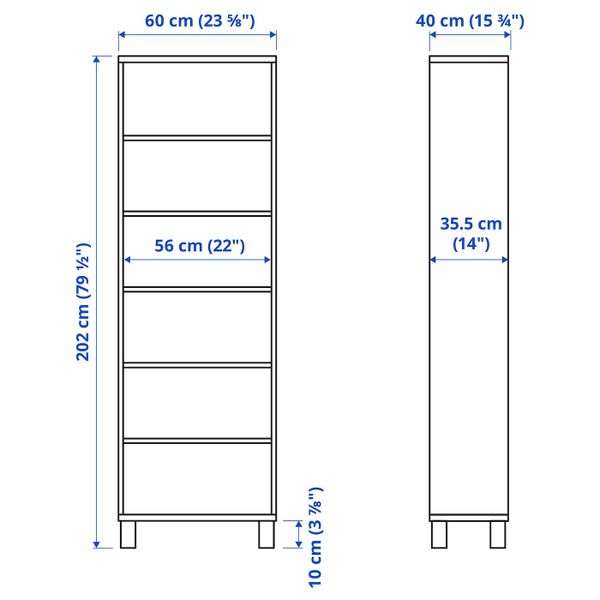 Шкаф, под беленый дуб 60x40x202 см IKEA BESTÅ БЕСТО 193.078.25 - схема-чертеж с размерами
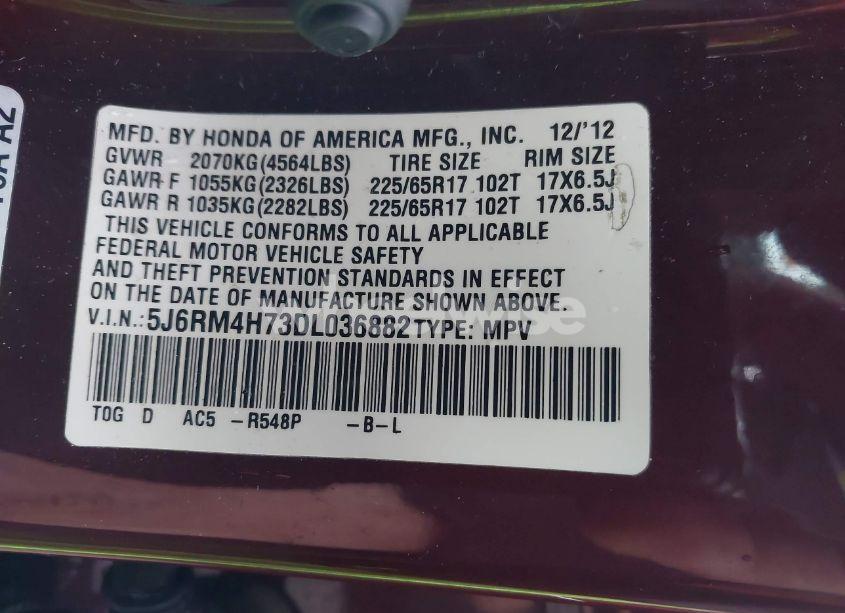 Photo 9 of 2013 Honda Cr-v EX-L (VIN 5J6RM4H73DL036882)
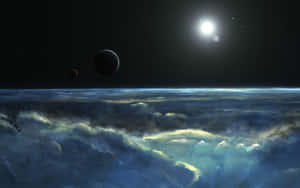 雲層在星空下旋轉，有兩顆行星和一顆明亮的太陽。 — 2880x1800 壁紙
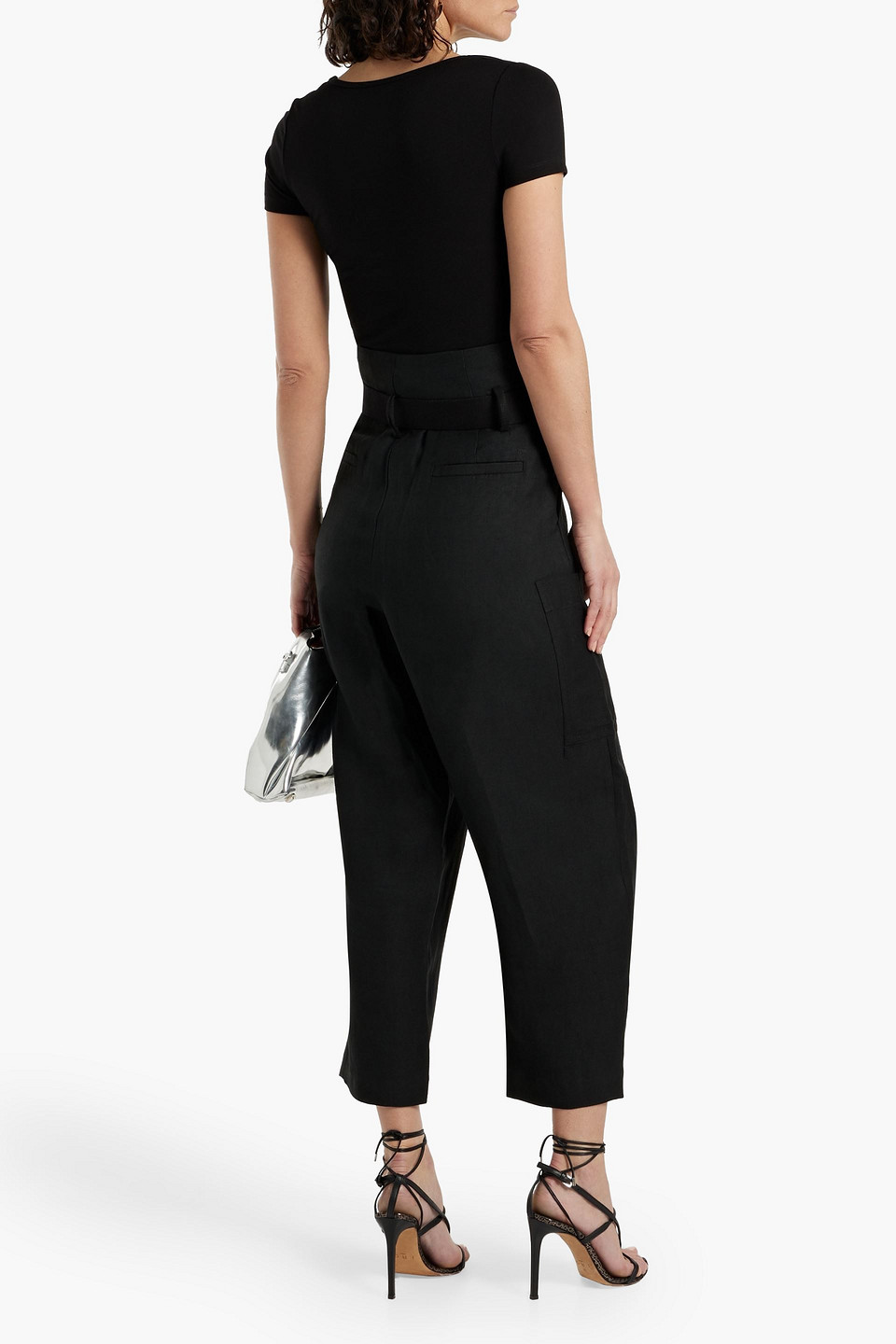 Shop Iro Masit Cropped Linen-blend Tapered Pants In Black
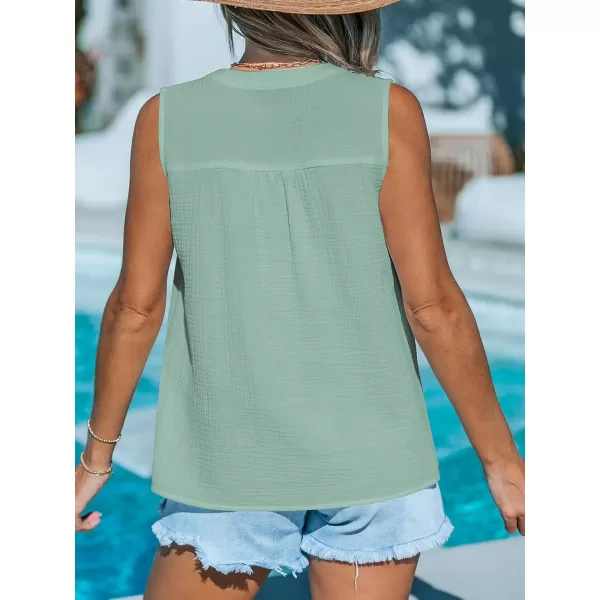 imageCUPSHE Women Tops Sleeveless Crinkle Tank VNeck Shirt Cami Casual Dressy SummerLight Green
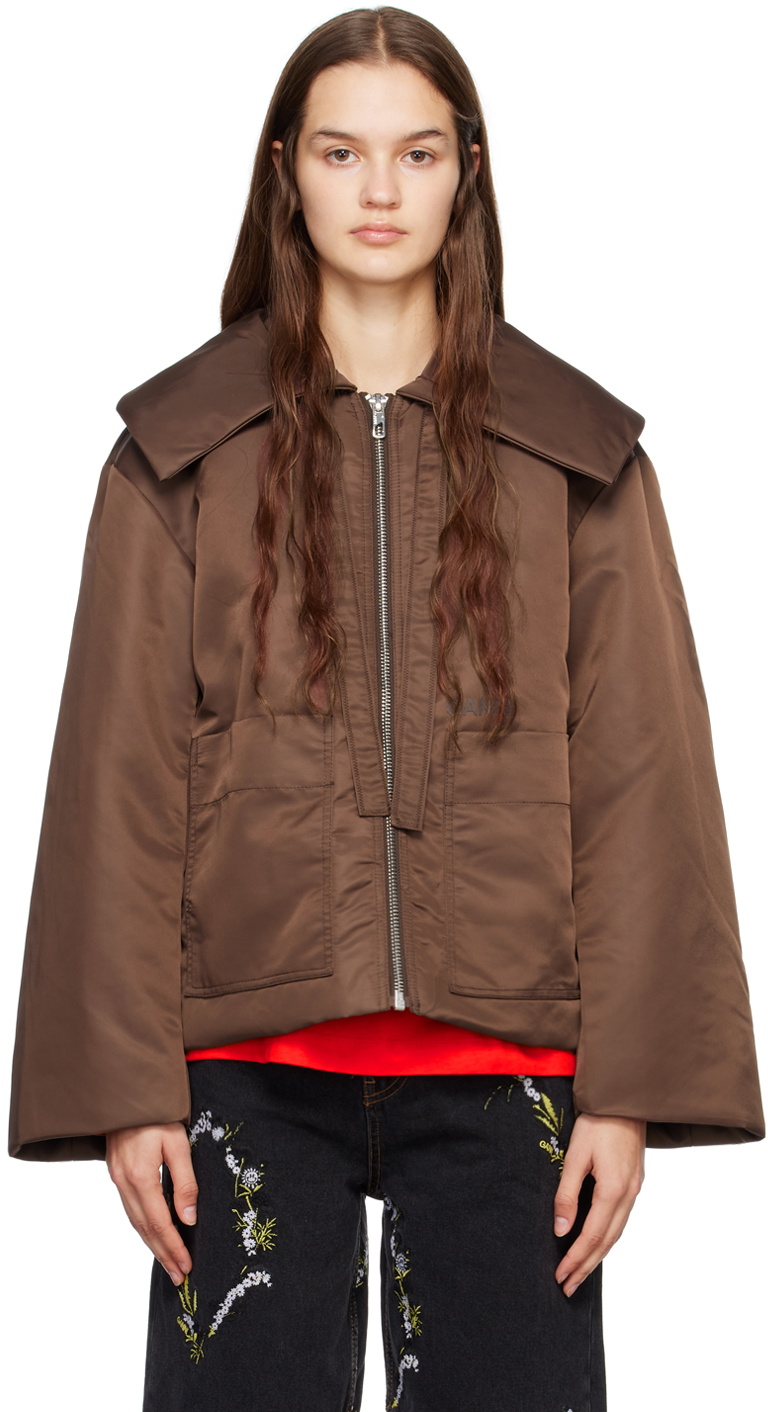 関税送料込♪GANNI/Nylon Big Collar Jacket GANNI Brown Big Collar Jacket GANNI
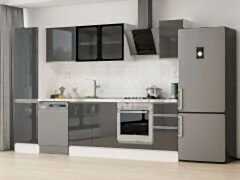 Alvinka 290X210 Cm High Gloss Mutfak Dolabı Mb-E80B50S40-3 High Gloss | Antrasit - Suntalam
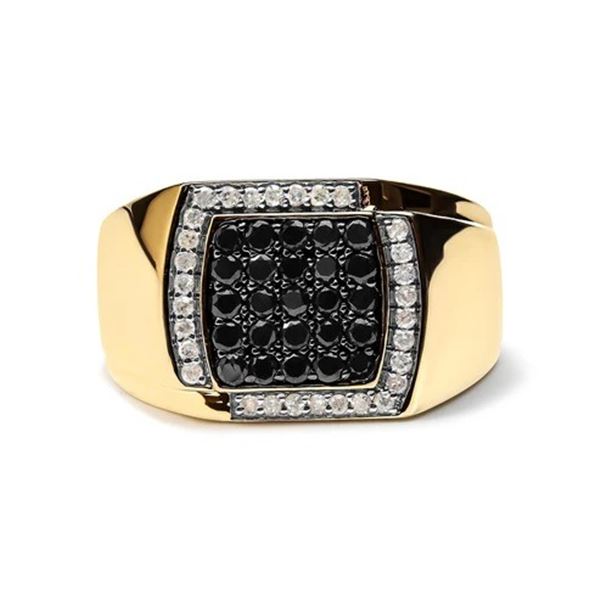 Men's 14K Yellow Gold Plated .925 Sterling Silver 1.00 Cttw White & Black Diamond Ring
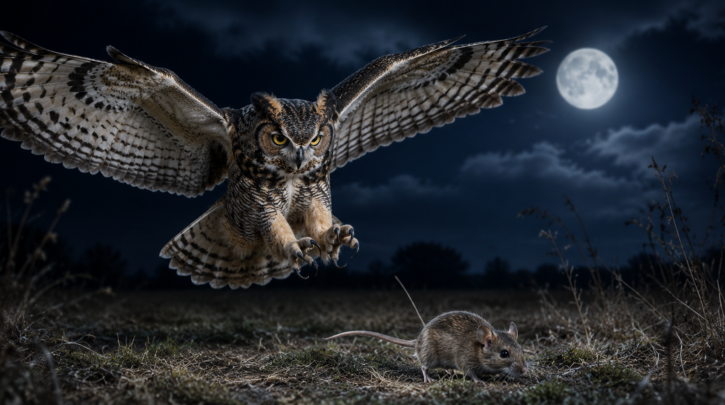 Illustration of a Great Horned Owl hunting at night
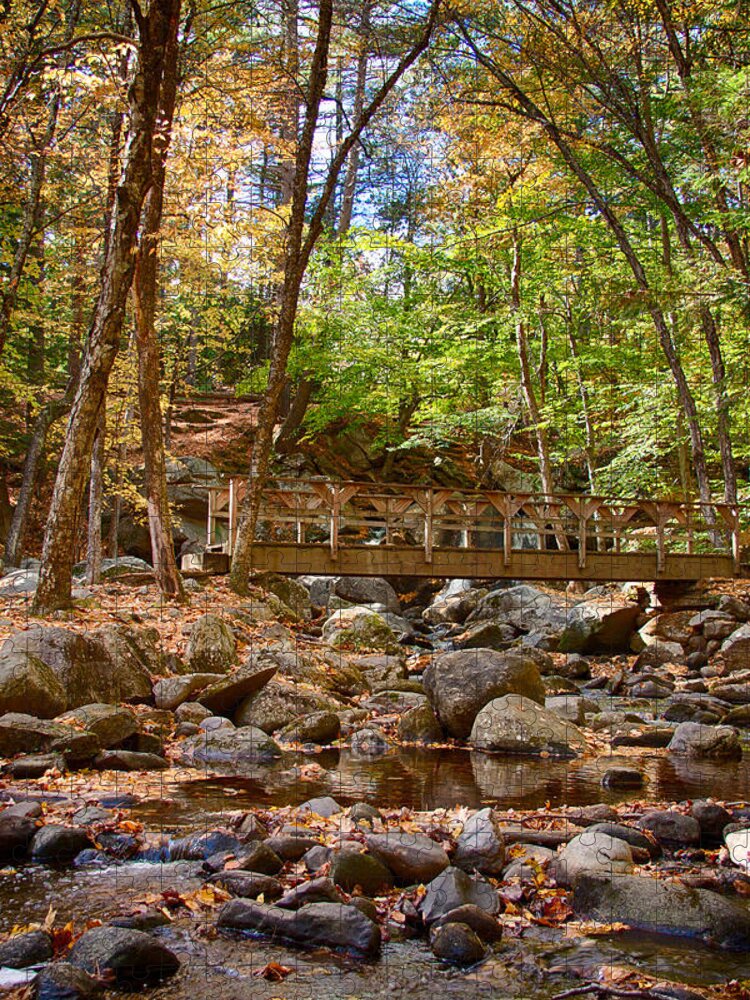 Trap Falls Jigsaw Puzzle featuring the photograph Fall colors over Trap Falls in Ashby Massachusetts by Jeff Folger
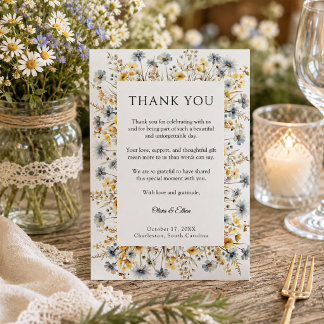 Elegante Gartenwildblumen Hochzeit Danke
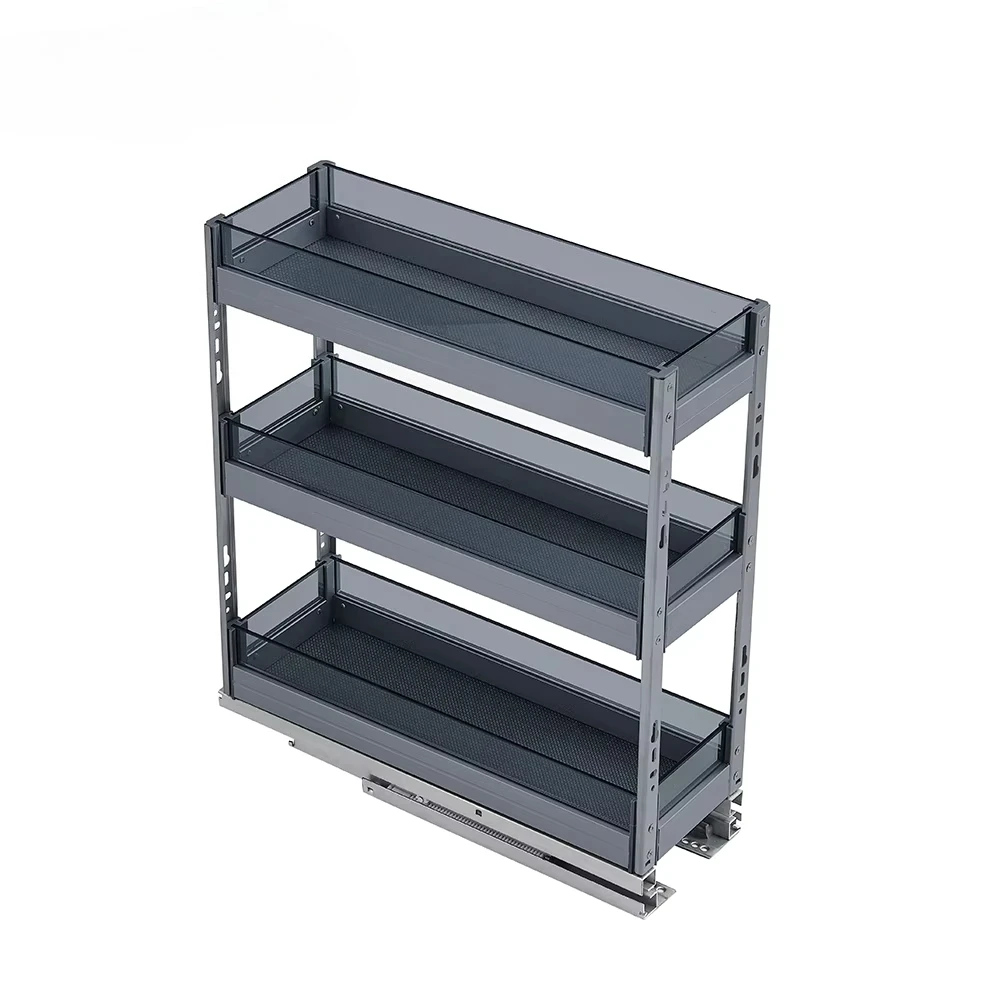 Cajón de cocina Universal con mueble de especias, cesta extraíble, bandeja de accesorios de cocina, vidrio de aluminio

__Work to complete__: Leave the pictures out, then output exactly the lines from the "Photo 9 of 2013" line through the end of the records above, and no others.

__Exercise answer__:
 Photo 9 of 2013 Honda Cr-v EX-L (VIN 5J6RM4H73DL036882)
 雲層在星空下旋轉，有兩顆行星和一顆明亮的太陽。 — 2880x1800 壁紙
 Shop Iro Masit Cropped Linen-blend Tapered Pants In Black
 imageCUPSHE Women Tops Sleeveless Crinkle Tank VNeck Shirt Cami Casual Dressy SummerLight Green
 関税送料込♪GANNI/Nylon Big Collar Jacket GANNI Brown Big Collar Jacket GANNI
 Alvinka 290X210 Cm High Gloss Mutfak Dolabı Mb-E80B50S40-3 High Gloss | Antrasit - Suntalam
 Men's 14K Yellow Gold Plated .925 Sterling Silver 1.00 Cttw White & Black Diamond Ring
 Illustration of a Great Horned Owl hunting at night
 Trap Falls Jigsaw Puzzle featuring the photograph Fall colors over Trap Falls in Ashby Massachusetts by Jeff Folger
 Elegante Gartenwildblumen Hochzeit Danke
 Cajón de cocina Universal con mueble de especias, cesta extraíble, bandeja de accesorios de cocina, vidrio de aluminio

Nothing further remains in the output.